**Work request**
Repeat the lines from the one containing "2025 Volkswagen Tiguan 2.0T SE R-Line Black" through the end of the listing exactly, both ends included. Do not carry over any pictures.

**Input records**
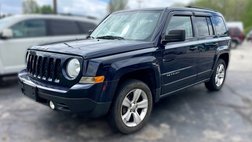 2014 Jeep Patriot Latitude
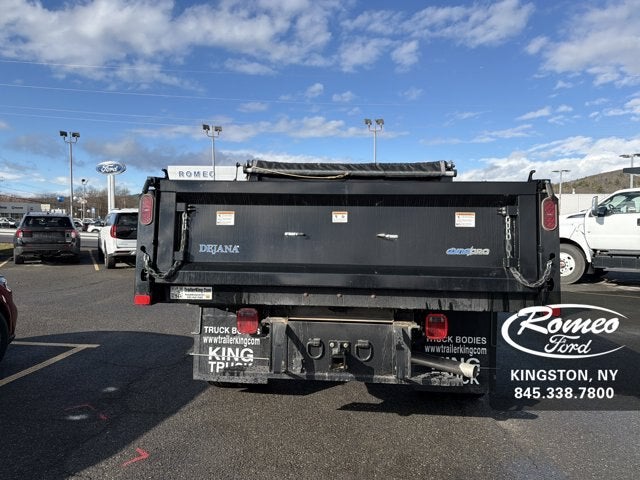 2026 Ford Chassis Cab F-550® XL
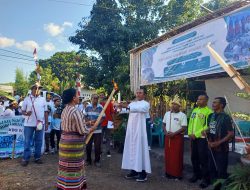 Karnaval Iman meriahkan 24 Tahun St. Stefanus Martir Pelindung Lingkungan, Umat Padukan Iman, Kedaulatan Pangan dan Kemandirian
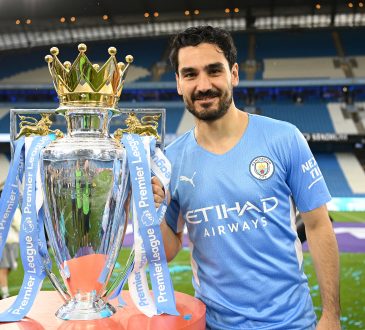 Manchester City Gündogan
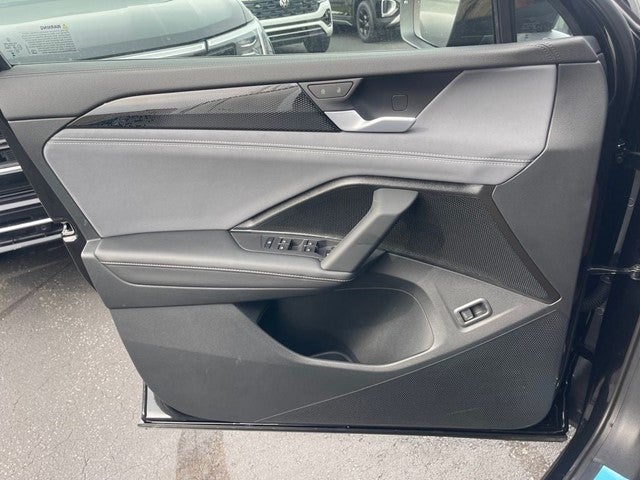 2025 Volkswagen Tiguan 2.0T SE R-Line Black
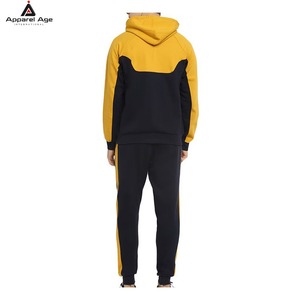 Conjuntos Deportivos Sublimados Personalizados 2026 con Logotipo, Chándal Deportivo para Hombre, Sudadera con Capucha y Pantalones Deportivos Ajustados - Product Image 4
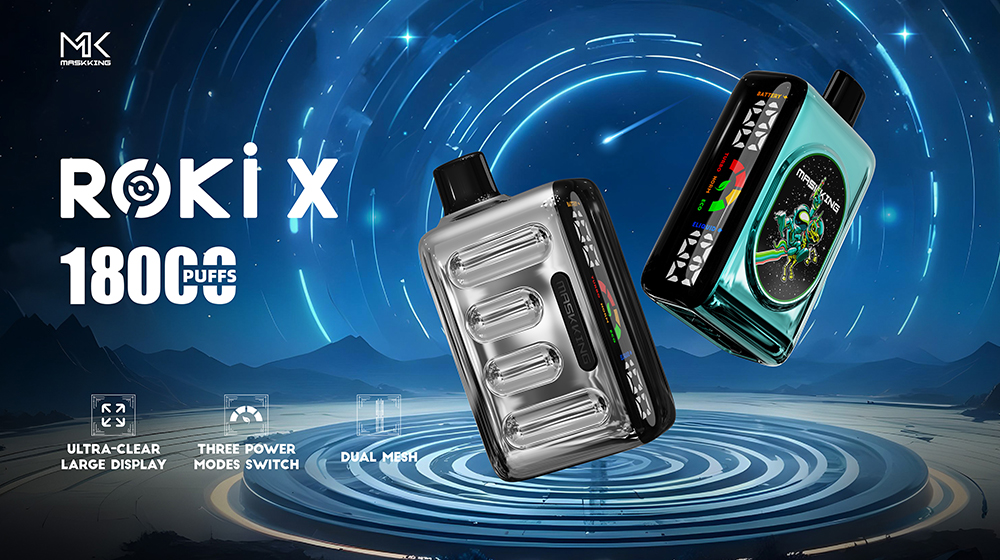 Maskking roki x 18000 5 64 b5fe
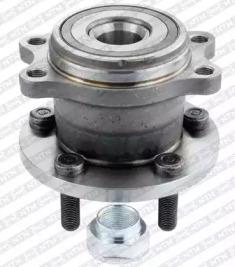 SNR R181.24 Wheel hub assy SNR R181.24 Wheel hub assy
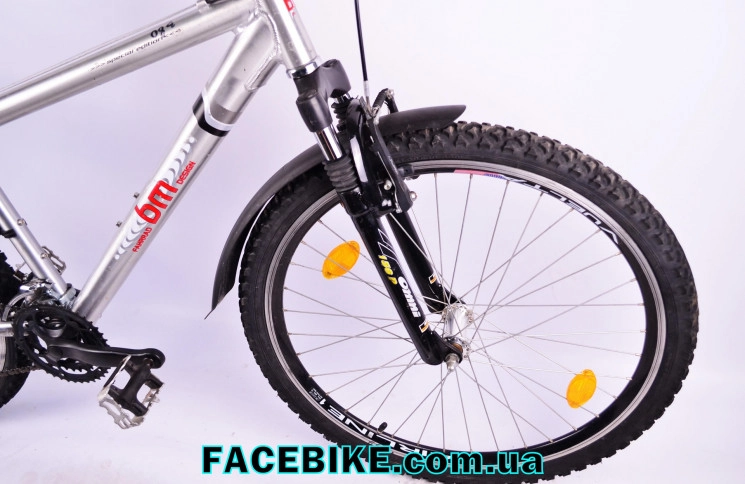 Б/В Гірський велосипед BM Fahrrad Desing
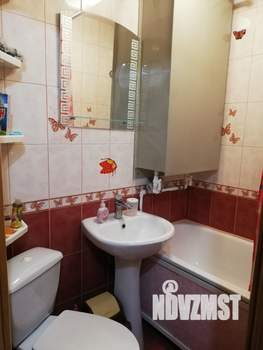 2-к квартира, посуточно, 41м2, 2/2 этаж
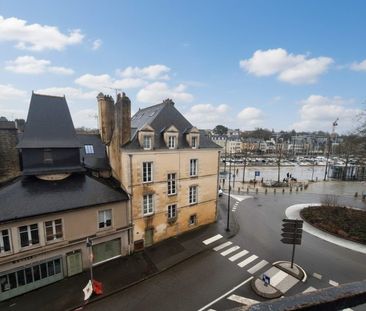 Appartement 2 pièces – 50 m² environ à Vannes (ref : 11256) - Photo 1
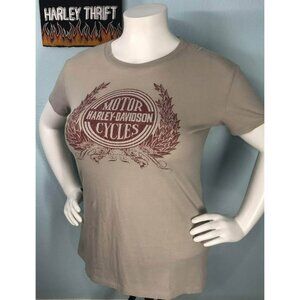 Harley-Davidson T-shirt 2XL Women, OMAHA, NEBRASKA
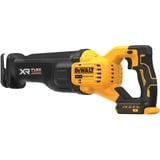 DEWALT Sega a gattuccio a batteria FLEXVOLT Advantage DCS386NT, 18 Volt, Scambiarsi sega giallo/Nero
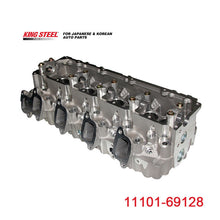 Load image into Gallery viewer, KINGSTEEL OEM 11101-69128 Head Cylinder Cover Assembly Engine Cylinder Head for TOYOTA HILUX 4RUNNER LAND CRUISER 90 1KZT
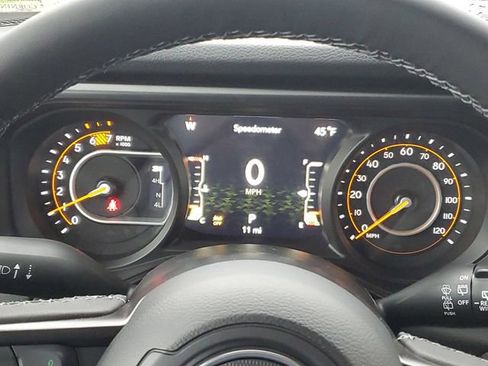 New 2026 Jeep Wrangler Willys image 8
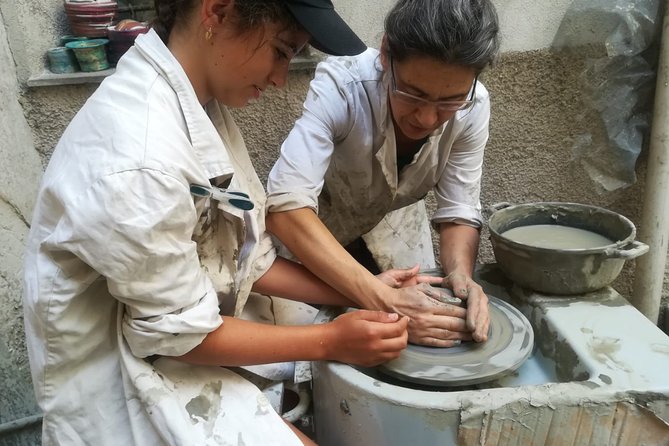 Private Lesson on the Ceramic Tradition in Vietri Sul Mare - Meeting and End Point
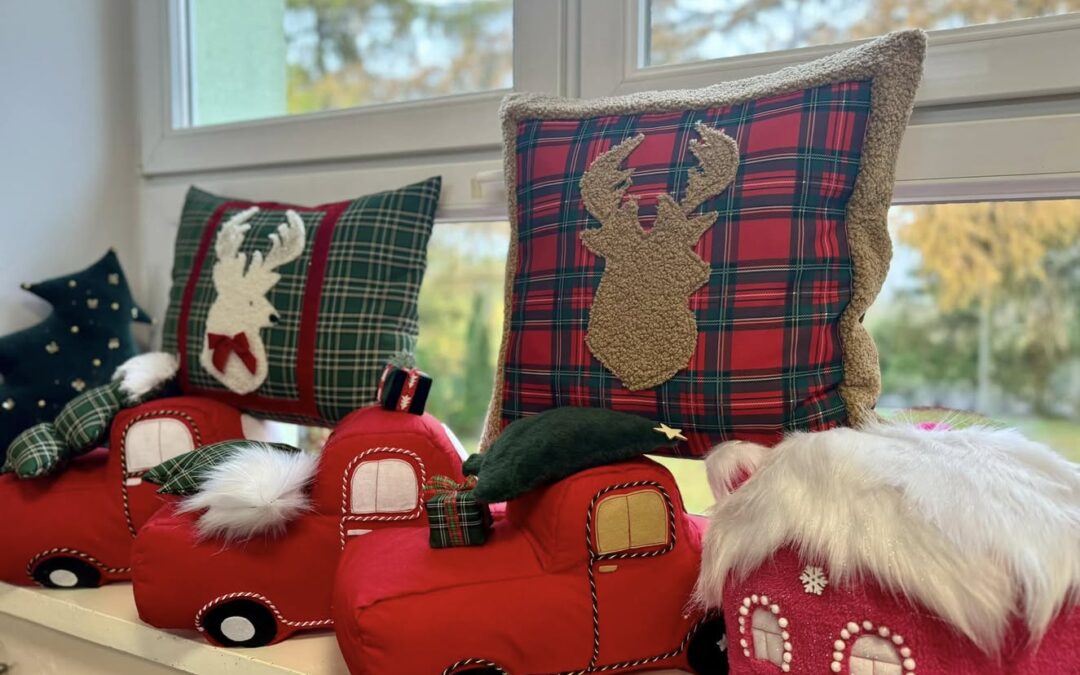 KIERMASZ ŚWIĄTECZNY 2024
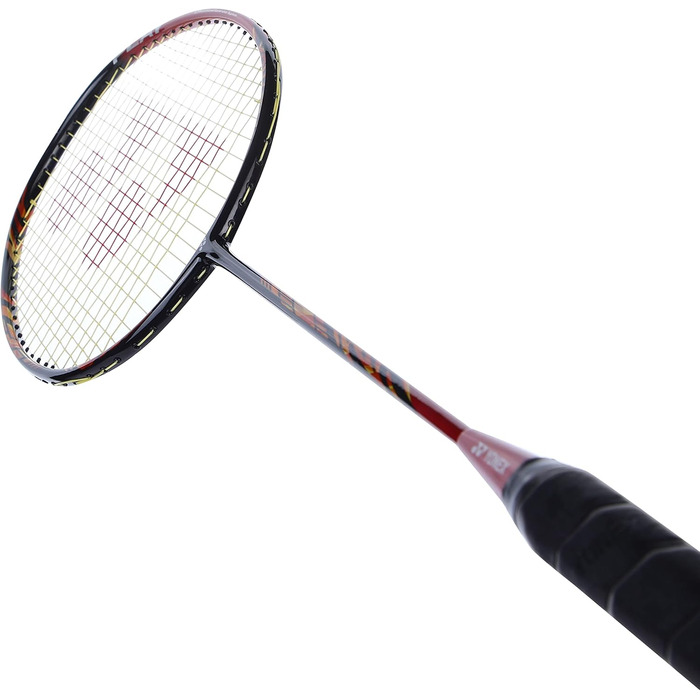 Ракетка для бадмінтону YONEX Astrox Smash, чорна/червона, Cherry Sunburst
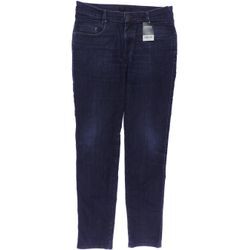 Bugatti Herren Jeans, marineblau, Gr. 34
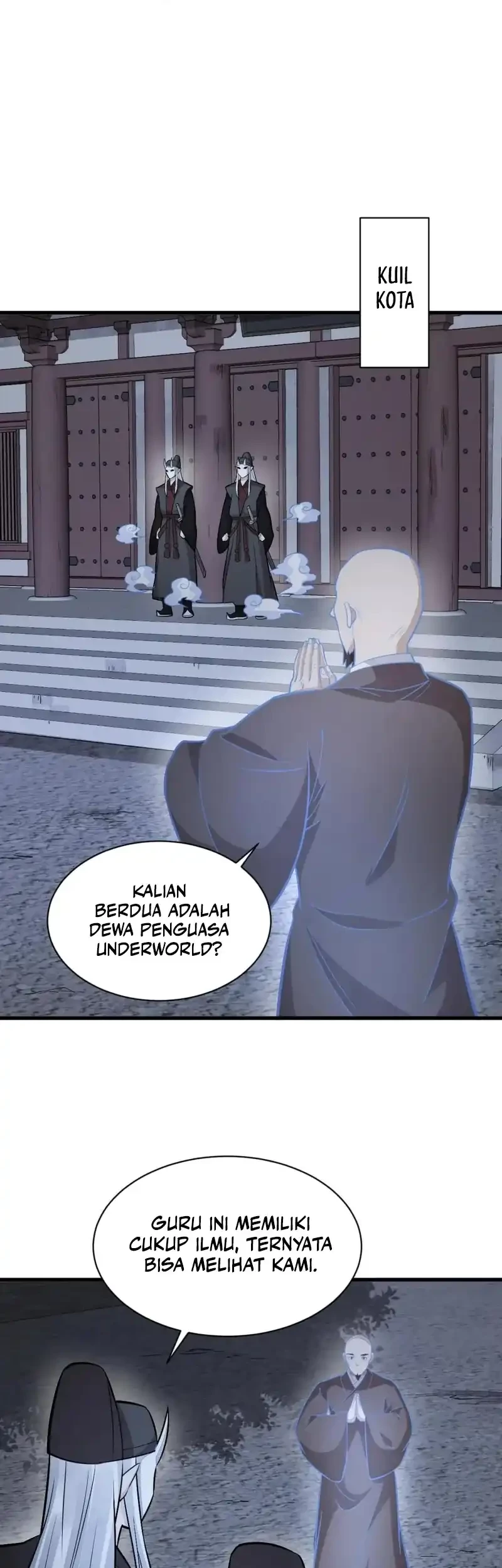 Lanke Special Destiny Chapter 204 - halaman 26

**The completed task**
 2025 Volkswagen Tiguan 2.0T SE R-Line Black
 Conjuntos Deportivos Sublimados Personalizados 2026 con Logotipo, Chándal Deportivo para Hombre, Sudadera con Capucha y Pantalones Deportivos Ajustados - Product Image 4
 Maskking roki x 18000 5 64 b5fe
 SNR R181.24 Wheel hub assy SNR R181.24 Wheel hub assy
 Б/В Гірський велосипед BM Fahrrad Desing
 2-к квартира, посуточно, 41м2, 2/2 этаж
 Appartement 2 pièces – 50 m² environ à Vannes (ref : 11256) - Photo 1
 Harley-Davidson T-shirt 2XL Women, OMAHA, NEBRASKA
 DEWALT Sega a gattuccio a batteria FLEXVOLT Advantage DCS386NT, 18 Volt, Scambiarsi sega giallo/Nero
 Load image into Gallery viewer, KINGSTEEL OEM 11101-69128 Head Cylinder Cover Assembly Engine Cylinder Head for TOYOTA HILUX 4RUNNER LAND CRUISER 90 1KZT
 New 2026 Jeep Wrangler Willys image 8
 Private Lesson on the Ceramic Tradition in Vietri Sul Mare - Meeting and End Point
 KIERMASZ ŚWIĄTECZNY 2024
 Ракетка для бадмінтону YONEX Astrox Smash, чорна/червона, Cherry Sunburst
 Bugatti Herren Jeans, marineblau, Gr. 34
 Lanke Special Destiny Chapter 204 - halaman 26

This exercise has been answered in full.